Tomorrow, the horrible, awful, disgusting kitchen floor has to be washed. I know this because the cat, who is usually right on top of this computer whenever I type, is howling her head off from the kitchen. She's stuck to the floor. Can't move. Paws immobilized. This might be OK if she was near her food dish, but she isn't. She is in the middle of no man's land, that area of the kitchen, under the kitchen table, where a certain person 'accidentally' knocks the crumbs to, or kicks the bits under. Don't look. Well, the cat looked and serves her right, bloody animal. I've been meaning to do this job since May, but every time I look down the basement stairs in the direction of the mop, something happens and by day's end I think, "Good thing I didn't waste time washing that thing, look at how messy it is now." But alas, when mothers set foot in one's home, either the floor is washed or the oven is cleaned. I believe in moving house every time the oven needs cleaning. Or buying a new one. I'll think about that later, said an exhausted Scarlet O'Hara (who can't even quote herself she is so tired.)
Well what about Turkey you ask? I do not disappoint. Here goes.
Changing direction but staying in the themes for the fall, I spent a large part of my time at the camp working on water colours, pastels and ink drawings. I tried to do two or three little drawings every day.
|I dropped the blue ink bottle. I was going to try for something serene. Ended up with quite a storm. This is Steve's favorite.|
I'll keep teasing you with a few of these for the next few weeks. The studio work is still happening but I've slowed down a bit. I have signed up for a water colour course at Carla Sonheim's Silly University, along with a 'wood burning' course. I am going to learn how to burn paper artistically. Why?
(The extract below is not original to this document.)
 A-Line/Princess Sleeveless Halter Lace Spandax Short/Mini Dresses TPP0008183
Because some one around here needs to know how to do it, just in case. The year of the Fairy Tale continues. Here's something to snort about. You know how as a kid and when you had to supply art supplies to your own kids the magic markers would run all over the place if you even sneezed in the same room. Every time you had to do a project on bristol board paper it would rain the day it was due. Mothers the suburb over would drive frantic kids to school to avoid the bleeding (literally) markers. Well, Carla's recent lesson involves drawing with markers and then smoodging them with water. We've done this before in other classes, but this one is a bit more ambitious. Do my magic markers bleed? No. They are ram rod dry. How is this possible? I bought the cheapest things to be found, dry as a bone. I already had expensive ones on hand for drawing Hot Flash Woman with. Also dry. I went to the art store, drew a bunch of lines with different brands of markers and (when no one was looking) spit on my finger and tried to smudge them. All dry. I think Mothers of the World have united and fixed the bleeding markers on projects problem. Too bad it happened now.
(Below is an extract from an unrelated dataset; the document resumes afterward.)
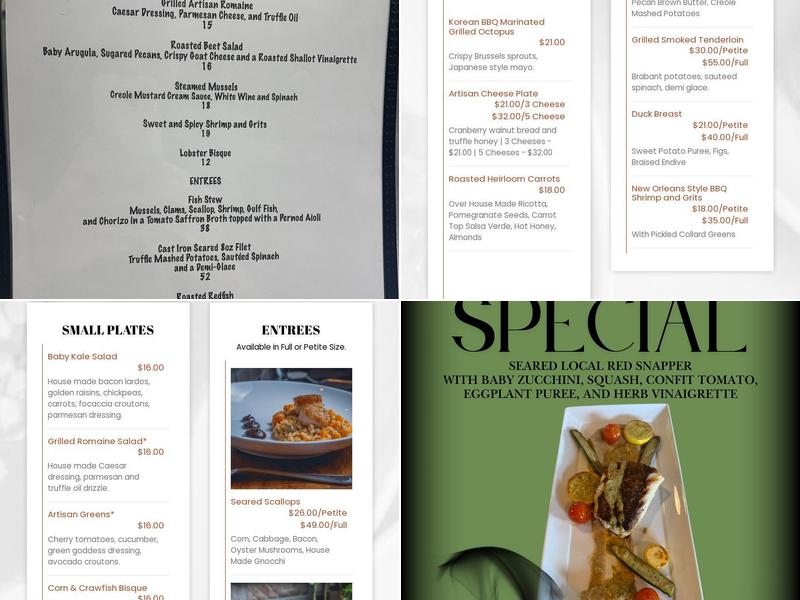 Sweet Melissa's Cafe Menu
Six days ago (my husband is counting) I promised a curry dinner. Since then, I have found numerous and devious ways to avoid this. I paid over one hundred students to roam the streets, to scream and shove each other outside the house two nights running so I didn't sleep a wink. I twisted my knee on my morning walk so it hurt too bad to stand. One night I cooked up the chicken only to remember there was a lovely salmon filet for that night (Steve cooked it) and one night a pizza showed up. In the meantime all the veggies have been used up, the chicken has been eaten for lunches and I am out of tricks. I will not offer to make a curry again. I will get takeout.
In fact, I think I need to make it clear that in future, any time I offer to do the cooking, it will automatically be known that it will be take out. Or from the freezer of a caterer. I adore caterers.